Lightweight and highly thermally conductive Ga-based liquid metal hybrid composites filled with hollow glass microspheres

In this study, glass bubbles (GBs) and gallium-based liquid metal (LM) were combined at varying volume fraction ratios to prepare the composites (GB-LMs), with the objective of optimising their state of matter and overall properties. Furthermore, the incorporation of high thermal conductive particles, including copper and silver, was pursued in augmenting the thermal conductive efficiency of the resulting composites. The thermal conductivity (TC), electrical conductivity (EC) and density were measured in order to construct a comprehensive structure - property relationship, while the underlying microphysical mechanisms were elucidated through the numerical simulations based on the distinctive architectures observed.

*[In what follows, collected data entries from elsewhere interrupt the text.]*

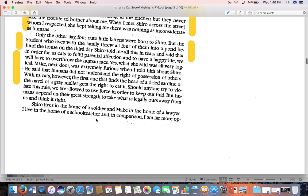'Only the other day, four cute little kittens were born to Shiro, but the student who lives with the family threw all four of them into a pond on the third day. Shiro told me all this in tears and said that in order for us cats to fulfill parental affection we'll have to overthrow the human race.' Kei next door was extremely furious. He said that humans don't understand the right of possession — with cats, the first one to find a dried sardine gets the right to eat it, but humans depend on their strength to take what is legally yours and think it right.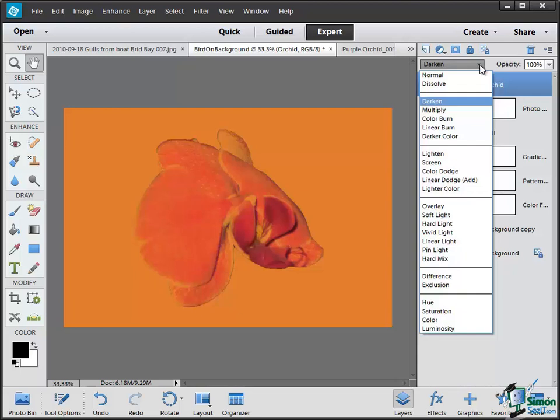Now within the general Photoshop Elements PDF there is a whole section on blending modes, and for each of those blending modes it goes through and gives you a description of exactly what's going on. And I suggest that the best thing to do is for you to get a copy of that PDF, I've shown you how to obtain it, and to go through those blending modes.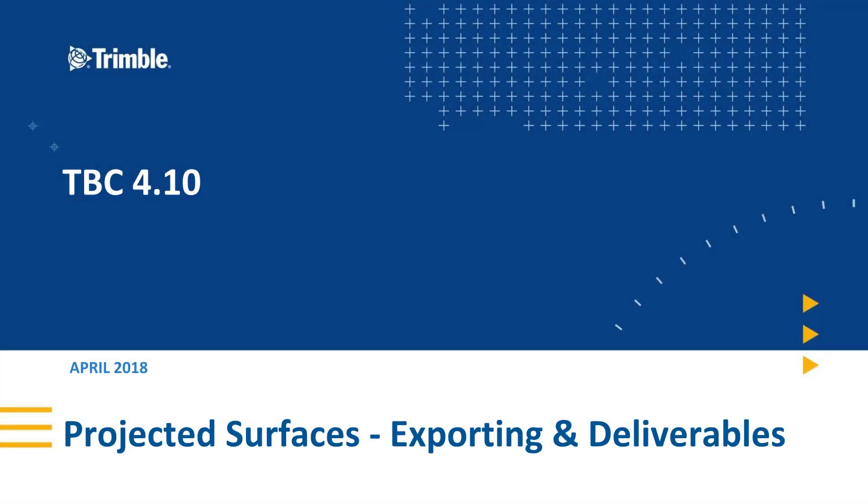Welcome to another TBC 410 feature video. In this video we're going to be covering exporting projected surfaces as DXF and DWG formats, utilize drafting features, and show how to share project deliverables with Trimble Clarity.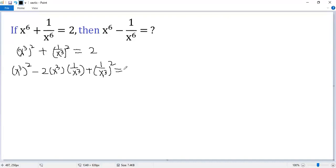Do the same thing for the right side. So 2 minus 2x³ times 1/x³.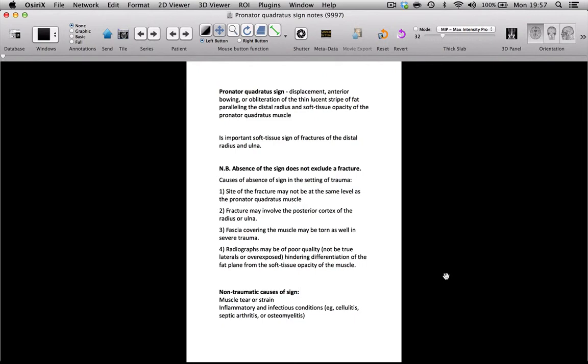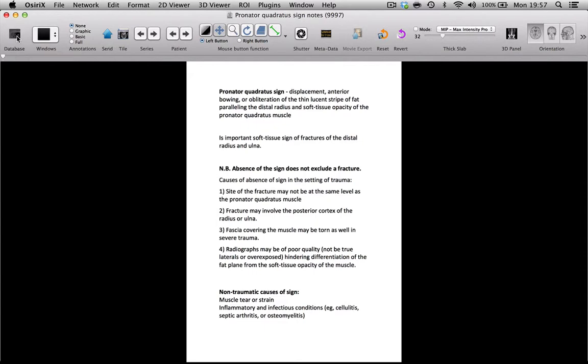And that's, again, quite useful when you're teaching if you want to have a quick reminder of the differential diagnosis and not lose face in front of your trainees.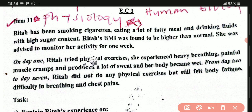Before you proceed to the task, after reading the scenario once, go back and read it again. But for the second reading, you should be underlining the key or major words used in the scenario. For example, they say Rita has been smoking cigarettes — look at that statement and identify the important keywords.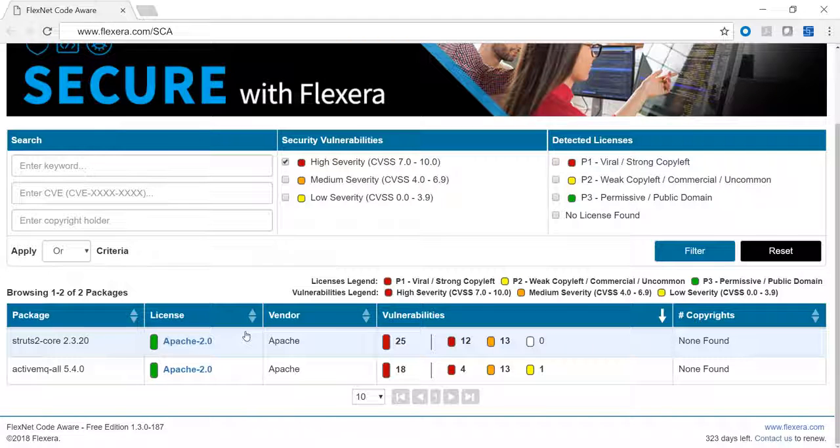Be sure to check out the legend here to better understand the different levels of vulnerability and license issues. P1 would be a strong copyleft license and P2 a weak copyleft. Everything else would be P3, such as permissive or public domain. FlexNet CodeAware makes all of these legends clickable, so I'm going to click here on the red high-level security issues — those are the most pressing issues to manage, and as we like to say, it's important to first get the red out. Anything in red should move to the top of the priority list.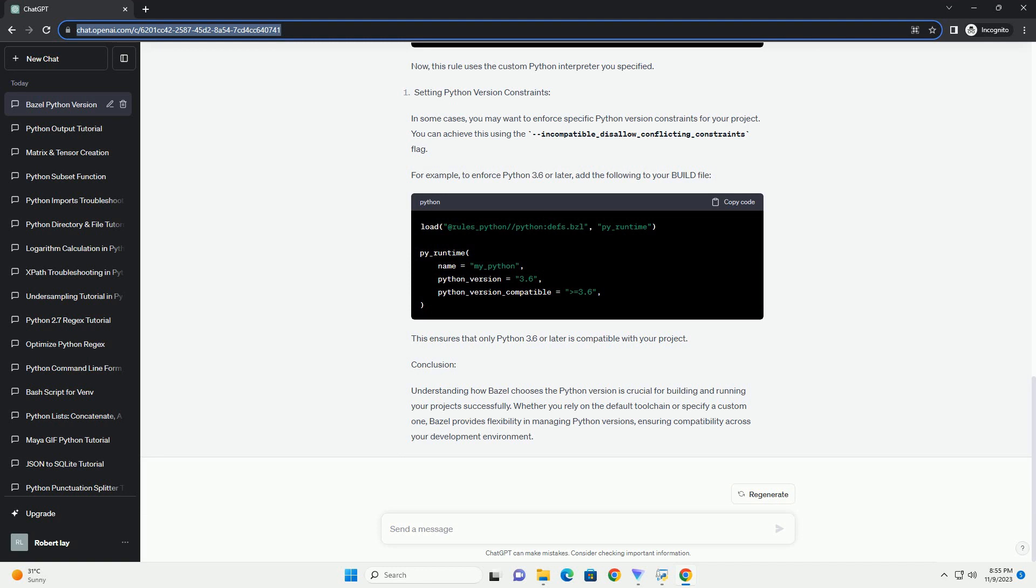Now, this rule uses the custom Python interpreter you specified. In some cases, you may want to enforce specific Python version constraints for your project. You can achieve this using the incompatible_disallow_conflicting_constraints flag. For example, to enforce Python 3.6 or later, add the following to your build file.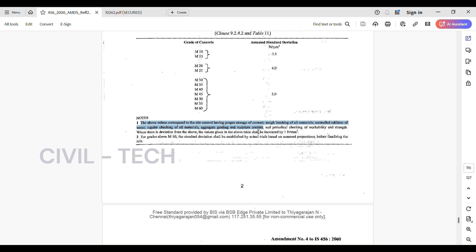There are two notes. First, the above values correspond to site control having: proper storage of cement, weigh batching of all materials, controlled addition of water, regular checking of all materials, aggregate grading and moisture content, and periodical checking of workability and strength. Second, where there is a deviation from the above, the values given in the table shall be increased by 1 N/mm².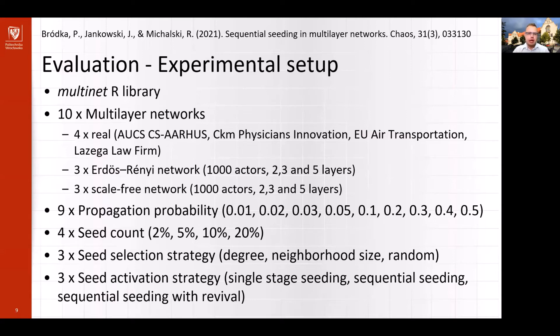However, due to time constraints, I won't be discussing sequential seeding with revival. If you are interested, please check out our paper.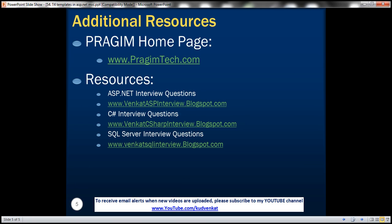In this slide you can find resources for ASP.NET C-Sharp and SQL Server interview questions. That's it for today. Thank you for listening, and have a great day.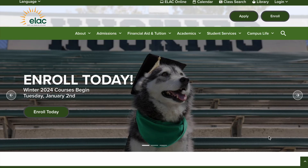Here's how to access ELAC library's databases. Start at elac.edu and click on the library link in the top right header.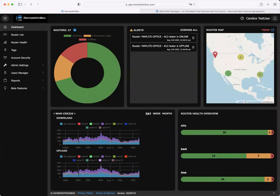Hi, I'm Candice at Remote Winbox and here's what's new for August 2023.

As the loading of LM droplets increases, the GB-LMs undergo a transition from a scattered state to a thick pasty state and then to a dilute gel state. The composite sample with a loading of 32 % LM droplets exhibited a moderate pasty state, with a TC of 4.7 W/(m·K), an EC of 380 S/m, and a density of 2.4 g/cm 3 . The introduction of copper or silver powders into the GB-LMs resulted in a TC of 8.0 W/(m·K), an EC of 1.59 × 10 4  S/m and a low density of 3.2 g/cm 3 . The incorporation of high TC particles into GB-LMs has the potential to markedly improve the TC-to-density ratio of the composite system. These findings facilitate the implementation of LM-based composites in the advanced thermal management.